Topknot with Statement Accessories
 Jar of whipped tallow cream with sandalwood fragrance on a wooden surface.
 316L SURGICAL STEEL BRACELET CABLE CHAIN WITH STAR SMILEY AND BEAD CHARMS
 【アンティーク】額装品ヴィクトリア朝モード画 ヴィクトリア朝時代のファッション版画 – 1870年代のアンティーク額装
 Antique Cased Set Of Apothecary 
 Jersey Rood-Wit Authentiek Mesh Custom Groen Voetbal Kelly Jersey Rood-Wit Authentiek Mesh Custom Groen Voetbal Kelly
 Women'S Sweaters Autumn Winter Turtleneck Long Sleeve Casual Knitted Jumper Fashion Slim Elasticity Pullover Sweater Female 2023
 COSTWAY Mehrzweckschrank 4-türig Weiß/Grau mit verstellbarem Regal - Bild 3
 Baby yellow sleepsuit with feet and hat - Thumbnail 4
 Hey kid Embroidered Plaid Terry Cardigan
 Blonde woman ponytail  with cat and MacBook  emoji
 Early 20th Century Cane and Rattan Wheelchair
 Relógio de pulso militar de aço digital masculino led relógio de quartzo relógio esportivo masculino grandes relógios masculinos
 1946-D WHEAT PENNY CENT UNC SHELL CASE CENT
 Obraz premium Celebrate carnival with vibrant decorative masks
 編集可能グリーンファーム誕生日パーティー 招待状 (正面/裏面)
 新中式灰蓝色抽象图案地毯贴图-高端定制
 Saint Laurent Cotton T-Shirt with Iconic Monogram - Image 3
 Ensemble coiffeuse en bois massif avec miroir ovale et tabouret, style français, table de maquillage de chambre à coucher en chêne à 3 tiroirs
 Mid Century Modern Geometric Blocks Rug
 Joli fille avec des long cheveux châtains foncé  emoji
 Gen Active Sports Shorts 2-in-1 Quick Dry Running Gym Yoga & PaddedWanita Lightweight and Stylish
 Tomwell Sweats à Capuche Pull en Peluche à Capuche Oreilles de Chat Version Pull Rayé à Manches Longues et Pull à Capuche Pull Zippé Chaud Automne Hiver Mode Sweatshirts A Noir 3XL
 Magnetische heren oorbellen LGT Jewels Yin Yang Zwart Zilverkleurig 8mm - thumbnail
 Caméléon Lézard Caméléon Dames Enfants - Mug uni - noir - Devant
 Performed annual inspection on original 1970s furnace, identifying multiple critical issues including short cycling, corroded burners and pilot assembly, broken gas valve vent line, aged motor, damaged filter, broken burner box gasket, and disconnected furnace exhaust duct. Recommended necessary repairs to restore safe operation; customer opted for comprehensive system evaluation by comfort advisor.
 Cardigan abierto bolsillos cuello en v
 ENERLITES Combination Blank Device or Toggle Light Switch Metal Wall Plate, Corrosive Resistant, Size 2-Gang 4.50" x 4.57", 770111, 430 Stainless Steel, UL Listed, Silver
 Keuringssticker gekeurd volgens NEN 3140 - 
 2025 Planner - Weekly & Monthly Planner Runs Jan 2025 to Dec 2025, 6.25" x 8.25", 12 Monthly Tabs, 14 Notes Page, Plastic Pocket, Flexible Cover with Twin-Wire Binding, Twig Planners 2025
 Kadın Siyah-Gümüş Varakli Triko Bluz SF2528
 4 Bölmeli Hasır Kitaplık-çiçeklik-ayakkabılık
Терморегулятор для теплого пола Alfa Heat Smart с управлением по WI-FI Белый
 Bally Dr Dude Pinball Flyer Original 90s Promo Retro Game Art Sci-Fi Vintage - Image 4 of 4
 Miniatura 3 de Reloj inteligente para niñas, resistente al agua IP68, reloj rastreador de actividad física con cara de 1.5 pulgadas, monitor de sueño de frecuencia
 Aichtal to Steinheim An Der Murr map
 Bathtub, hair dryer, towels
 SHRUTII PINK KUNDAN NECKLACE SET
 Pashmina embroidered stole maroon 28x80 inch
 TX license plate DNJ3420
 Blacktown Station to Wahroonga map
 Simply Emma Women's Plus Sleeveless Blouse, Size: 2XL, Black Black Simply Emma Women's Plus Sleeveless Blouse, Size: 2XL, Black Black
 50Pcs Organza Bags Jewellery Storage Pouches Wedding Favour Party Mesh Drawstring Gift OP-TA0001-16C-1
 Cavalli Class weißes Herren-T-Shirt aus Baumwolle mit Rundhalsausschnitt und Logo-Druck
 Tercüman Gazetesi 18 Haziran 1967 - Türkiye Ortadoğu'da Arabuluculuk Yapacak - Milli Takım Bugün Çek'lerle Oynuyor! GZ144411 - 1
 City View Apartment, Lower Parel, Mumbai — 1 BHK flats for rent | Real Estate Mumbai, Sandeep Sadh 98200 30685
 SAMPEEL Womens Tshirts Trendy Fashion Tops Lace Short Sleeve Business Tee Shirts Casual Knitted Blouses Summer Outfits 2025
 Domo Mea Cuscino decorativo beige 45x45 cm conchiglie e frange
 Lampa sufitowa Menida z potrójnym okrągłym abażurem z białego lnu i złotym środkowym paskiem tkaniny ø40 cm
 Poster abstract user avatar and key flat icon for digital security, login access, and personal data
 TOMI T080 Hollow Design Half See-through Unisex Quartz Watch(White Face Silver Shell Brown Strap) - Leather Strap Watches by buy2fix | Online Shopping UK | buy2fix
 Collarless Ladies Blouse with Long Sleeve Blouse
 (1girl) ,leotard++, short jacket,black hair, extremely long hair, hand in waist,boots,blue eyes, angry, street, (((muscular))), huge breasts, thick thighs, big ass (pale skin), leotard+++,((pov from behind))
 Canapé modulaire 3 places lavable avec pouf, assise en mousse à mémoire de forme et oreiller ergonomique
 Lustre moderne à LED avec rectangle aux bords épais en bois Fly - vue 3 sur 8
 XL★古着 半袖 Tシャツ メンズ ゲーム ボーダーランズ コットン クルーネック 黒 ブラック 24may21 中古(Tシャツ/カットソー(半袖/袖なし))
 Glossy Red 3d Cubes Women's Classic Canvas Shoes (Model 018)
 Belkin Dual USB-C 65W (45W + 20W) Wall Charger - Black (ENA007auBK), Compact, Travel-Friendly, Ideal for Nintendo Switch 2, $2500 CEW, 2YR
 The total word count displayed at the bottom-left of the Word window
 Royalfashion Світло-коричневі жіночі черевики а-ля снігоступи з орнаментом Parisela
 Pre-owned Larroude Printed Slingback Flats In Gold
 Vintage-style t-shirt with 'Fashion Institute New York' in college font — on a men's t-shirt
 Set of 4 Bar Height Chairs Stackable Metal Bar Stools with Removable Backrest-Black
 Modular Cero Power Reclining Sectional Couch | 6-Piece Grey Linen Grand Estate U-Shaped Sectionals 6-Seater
· · · ·
* _EXERCISE PROMPT_: Ending with the line containing "Women'S Sweaters Autumn", please print exactly the lines of the material above from its first line onward, and nothing else.

* _RESULT BELOW_:
Topknot with Statement Accessories
 Jar of whipped tallow cream with sandalwood fragrance on a wooden surface.
 316L SURGICAL STEEL BRACELET CABLE CHAIN WITH STAR SMILEY AND BEAD CHARMS
 【アンティーク】額装品ヴィクトリア朝モード画 ヴィクトリア朝時代のファッション版画 – 1870年代のアンティーク額装
 Antique Cased Set Of Apothecary 
 Jersey Rood-Wit Authentiek Mesh Custom Groen Voetbal Kelly Jersey Rood-Wit Authentiek Mesh Custom Groen Voetbal Kelly
 Women'S Sweaters Autumn Winter Turtleneck Long Sleeve Casual Knitted Jumper Fashion Slim Elasticity Pullover Sweater Female 2023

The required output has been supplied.